Select and Design a Disaster Recovery Solution
Selecting the Solution
To replicate the data from one site to another, there are two solutions that are currently being used.
- Storage-based replication
- Hypervisor-based replication
Traditional recovery methods involved setting up two sites and enabling storage-based replication between these two sites. Replicating data was completely handled by the storage array. LUN created on the storage array was configured to be replicated over to the secondary site. During disaster recovery, a snapshot of the replicated LUN was created on the recovery site and mounted manually to use the data. This solution lacked automated recovery.
VMware Site Recovery Manager filled this gap of automated recovery with the storage array plugin. Not only the process of creating array snapshots and mounting them was automated, but this also provided additional granularity on the recovery of the virtual machine. You could now create protection groups to group dependent workloads, create a recovery plan, and set a priority order for recovery of workloads. However, what lacked was choosing to just replicate an individual VM over a complete LUN. Placement of VM on a particular LUN was to be designed based on the need for replication.

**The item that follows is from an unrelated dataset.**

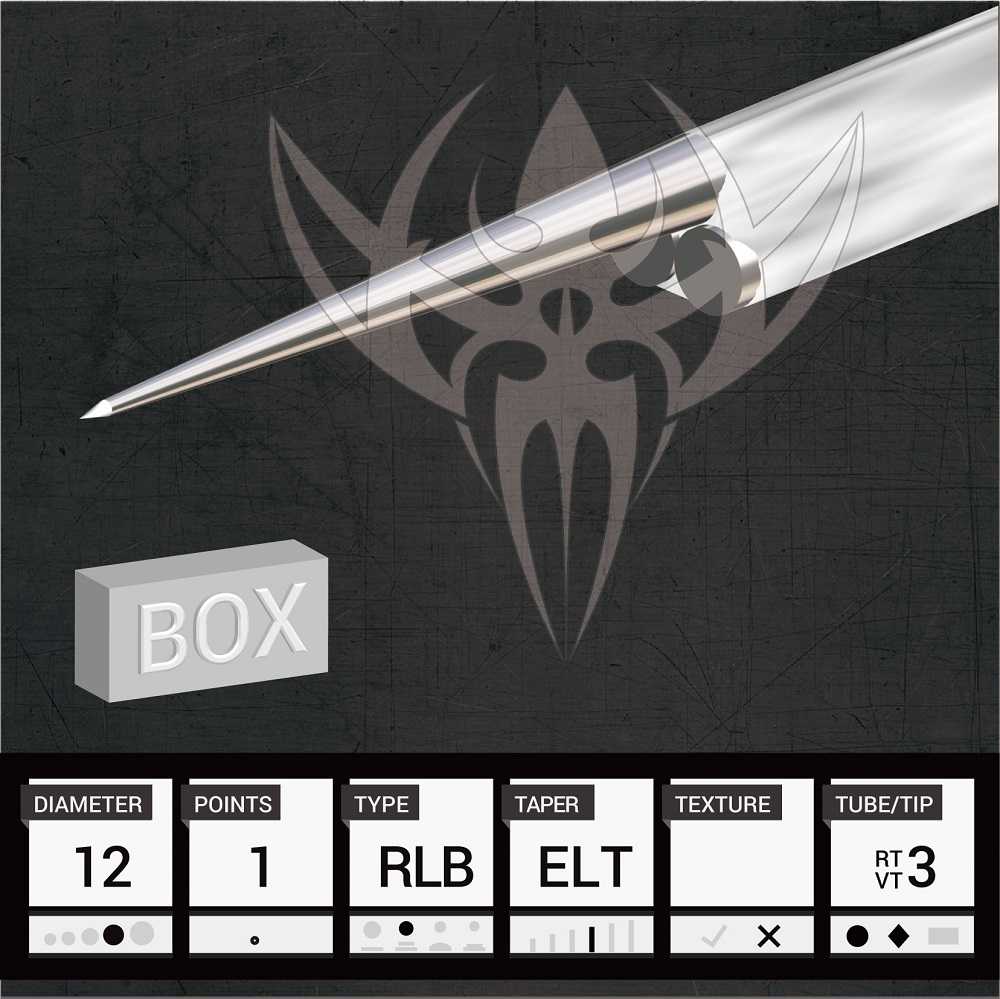 #12 Standard Round Liner — Precision Needles — Box of 50 Premade Sterilized Tattoo Needles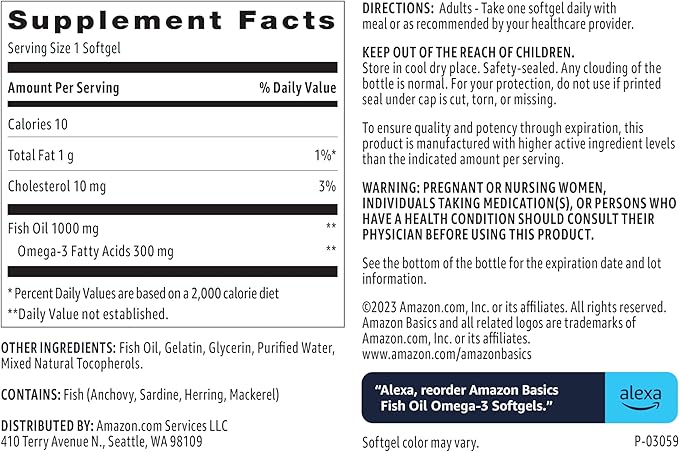 Amazon Basics Fish Oil Omega-3 1000 mg, 90 Softgels (1 per Serving), Gluten Free (Pack of 2)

Storage-based replication also requires storage hardware on the production and recovery site. These requirements forced users to use one particular storage vendor in both sites along with an additional replication license which increased the overall cost for the DR solution.
VMware introduced Hypervisor/Host-based replication (HBR) to overcome the challenges of storage- based replication. With HBR, you can replicate the data of an individual virtual machine from one site to another. HBR provides the granularity and flexibility of enabling replication on individual virtual machines residing on any supported storage for the ESXi, which addressed the major challenge of the storage agnostic solution. For example, you may choose to have iSCSI or Fibre-attach storage with VMFS on the production site and choose an NFS or VSAN based solution on the recovery site.
The hypervisor at the production site where the virtual machine is running can perform the initial replication (first full copy) and also track the changes and replicate them over to the recovery site. This is done with the help of a paired replication appliance deployed on both sites. An HBR-enabled machine can also utilize virtualization features such a HA or vMotion.
Designing the Solution
When designing a recovery solution, there are multiple factors to be considered covering all the components of the datacenter.
Architecture
VMware Provides two offerings for Disaster recovery solution with VMC on AWS.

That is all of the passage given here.